Era difficile per Gaara ammetterlo, ma amava quella comunione tra i propri corpi e non era pura retorica: in quel modo si sentivano l’uno parte dell’altro, si appartenevano completamente e se doveva morire, voleva che fosse in quel momento, fra gli spasmi, i movimenti repentini dei loro corpi; fra le labbra che si rincorrevano, fra il sesso di Lee che si faceva strada in lui, sempre più grosso e duro. Avrebbe voluto morire fra le mani che sfregavano il suo membro turgido, stuzzicandolo e masturbandolo; avrebbe voluto fosse dopo le ultime stoccate, quando venivano insieme, l’uno gridando il nome dell’altro, avvinghiati in un abbraccio dove le braccia di uno erano l’ancora del compagno.

   Fu solo dopo interminabili secondi - in cui erano rimasti, sudati ed ansimanti, abbracciati; le dita di Lee che giocavano con i riccioli rossi, la brezza notturna e fredda, figlia dell’escursione termica, che si infiltrava dalla finestra accostata e che non riusciva a raffreddare i loro corpi bollenti - che Lee scivolò al fianco del capo villaggio, permettendogli di baciare il petto che ora si muoveva regolarmente e le cicatrici che tanto amava, scivolando poi in un sonno ristoratore.

 

 

*****

 

 

    Gaara accarezzava il posto vuoto accanto a sé, seduto con le gambe raccolte al petto, la schiena appoggiata alla parete di quella stanza piccola in cui si trovava l’indispensabile: un armadio, una scrivania, un comodino ed il letto dove poche ore prima avevano fatto l’amore.

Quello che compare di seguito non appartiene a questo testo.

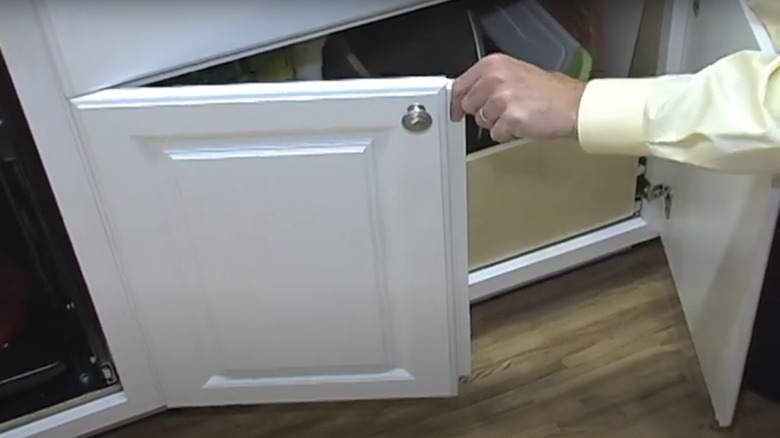 screenshot of center cabinet stile removed and attached to the back of one of the cabinet doors to cover the gap in white lower cabinets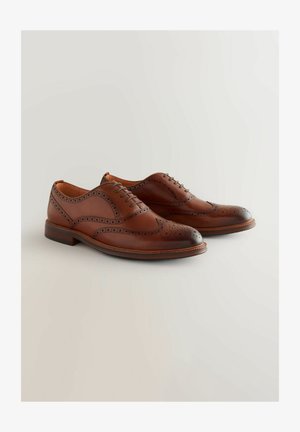 Brązowe skórzane buty brogues z okrągłym noskiem, wiązanym fasonem, skomplikowanymi perforacjami oraz kontrastującą ciemną nasadą. Gładka faktura.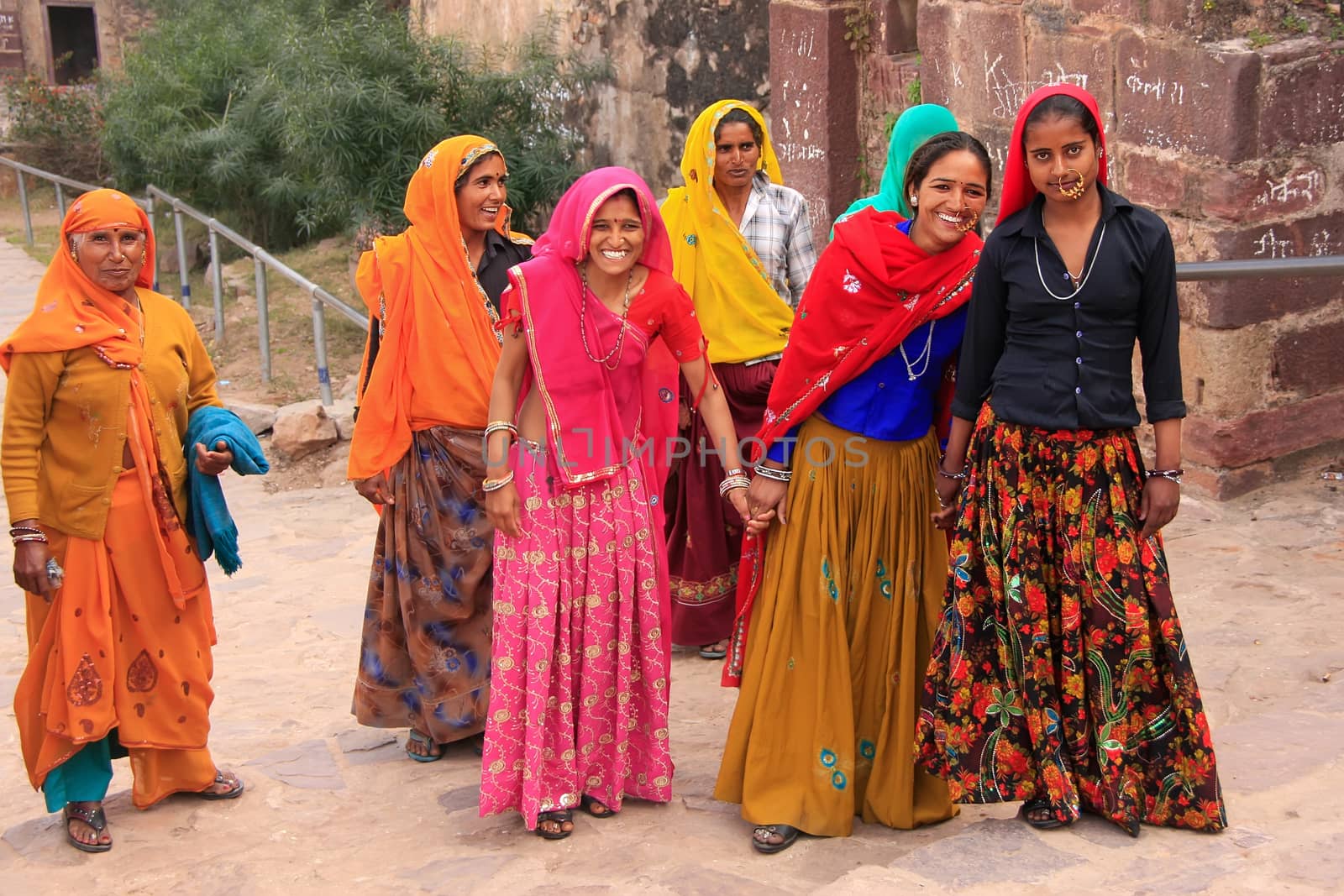 Indian women in colorful saris walking up the stairs at Ranthambore Fort, Rajasthan, India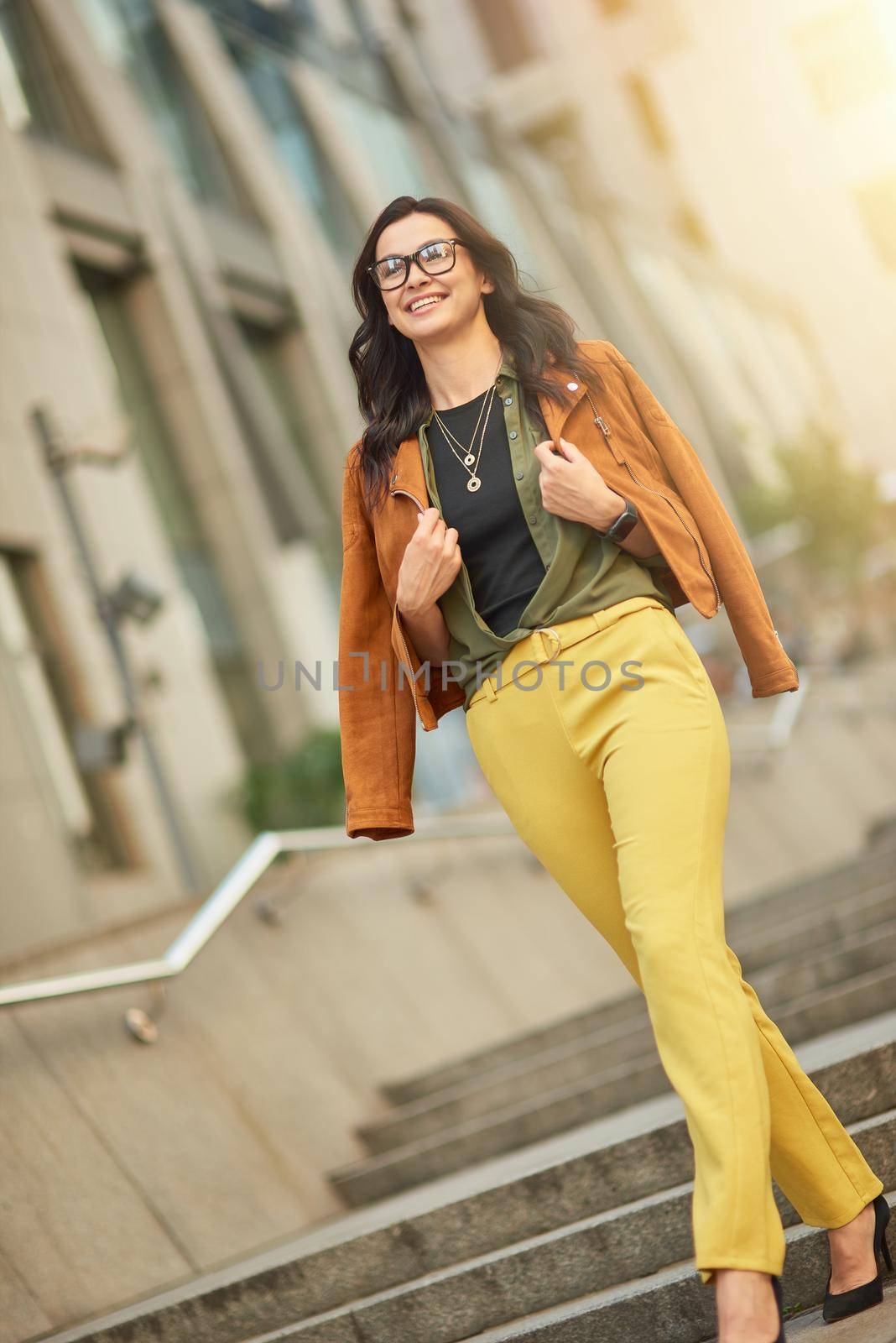 Enjoying nice day outdoors. Full length of a young beautiful and stylish caucasian woman or business lady walking city streets and smiling by friendsstock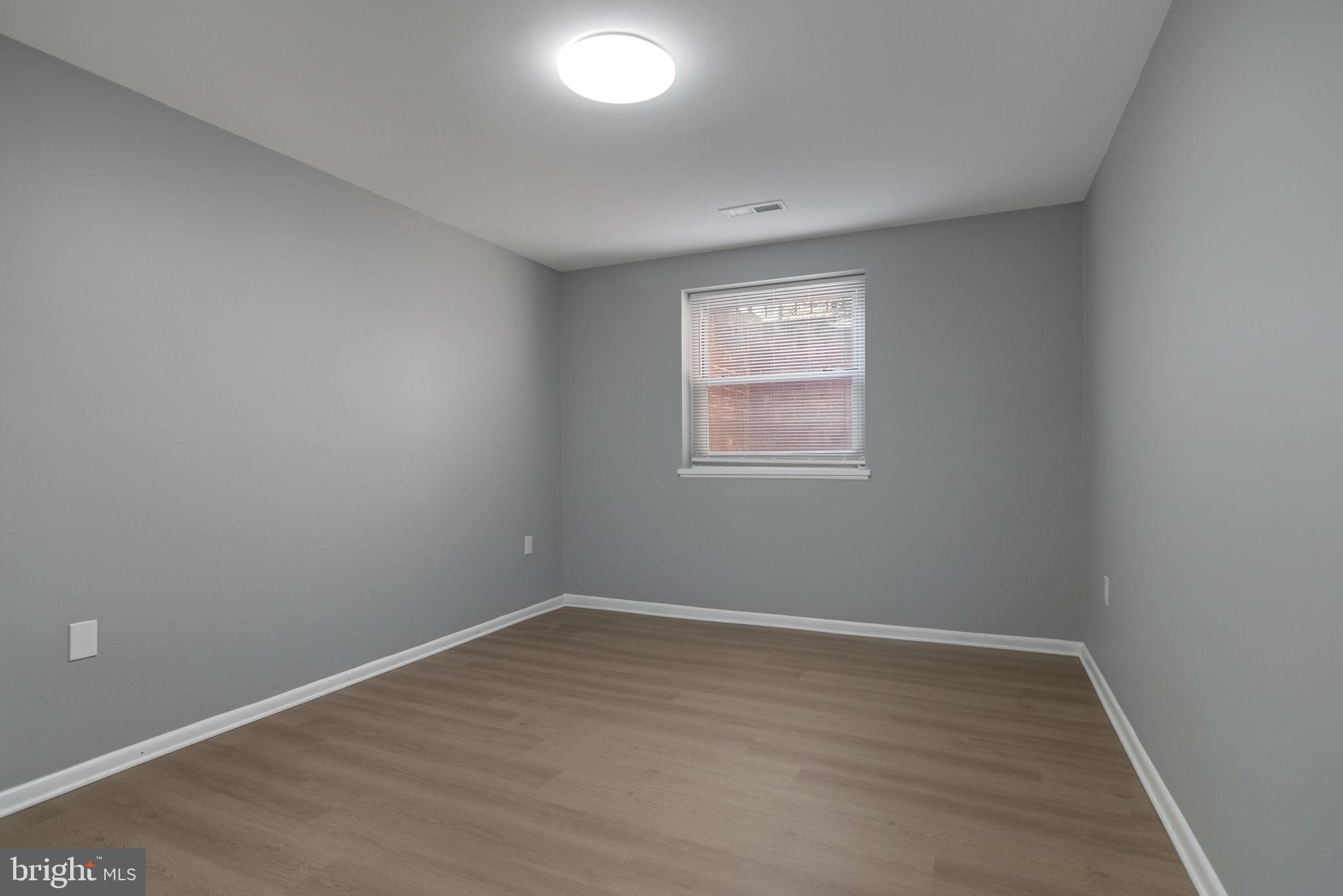 3356 Woodburn Road, Unit T3 Annandale, VA 22003 - Photo 15 of 35 an empty room with wooden floor and windows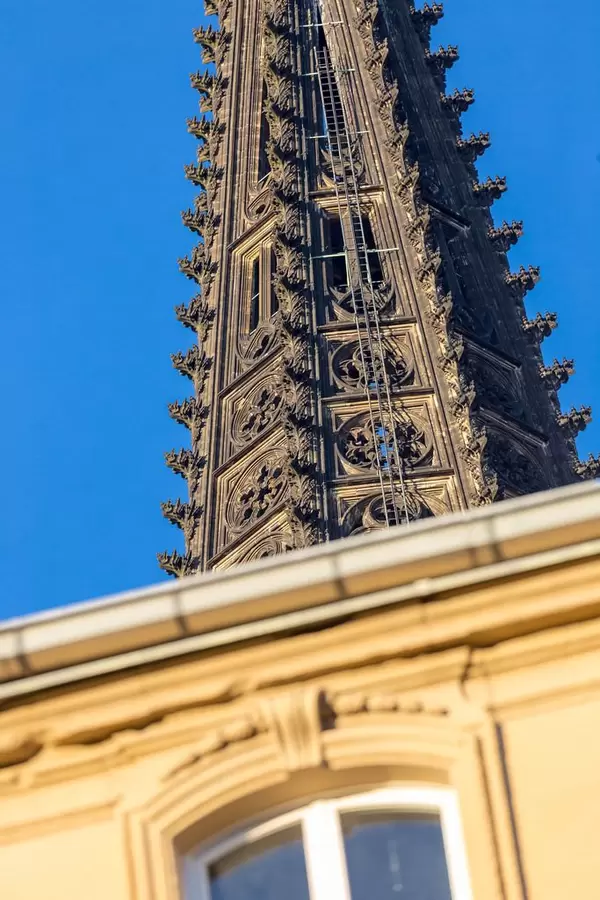 Spitze des Kölner Doms mit einem Gebäude im Vordergrund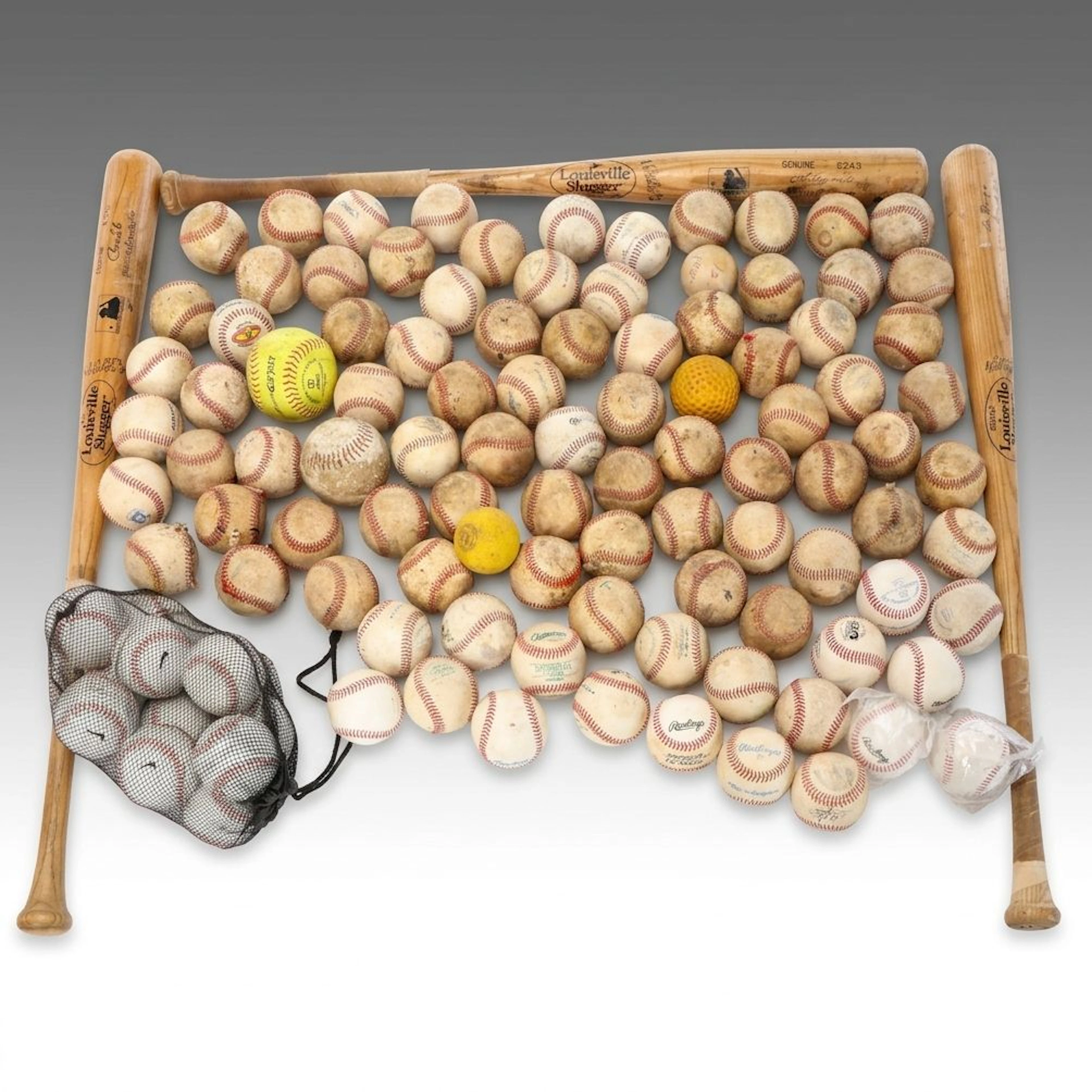 Baseball Bats and Assorted Field Hockey, Softball and Baseballs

Gli occhi avevano quella sfumatura triste di chi si era alzato al sorgere del sole senza il proprio compagno al suo fianco, pronto a dargli il buongiorno con il solito buonumore ed il sorriso a trentadue denti.

Rock Lee se ne era andato e lui sapeva perché non l’aveva svegliato: quell’arrivederci sarebbe stato più difficile da dire ed avrebbe compromesso tutto. Conosceva bene la loro posizione e non potevano rovinare tutto per la loro storia, anche se lo frustrava essere privato di quell’amore che finalmente conosceva e di cui non poteva mai fare a meno.

Gli aveva chiesto di restare con lui finché non fosse sorto il sole e così aveva fatto, lasciandolo poi con un bacio leggero sulla fronte ed un semplice biglietto che però recava quello che gli aveva ripetuto più volte durante quella serata: “Ti amo” .

«Ti amo anche io, Lee.» sussurrò prima di alzarsi e vestire di nuovo i panni del Kazekage, in attesa della prossima volta in cui si sarebbero visti ed amati.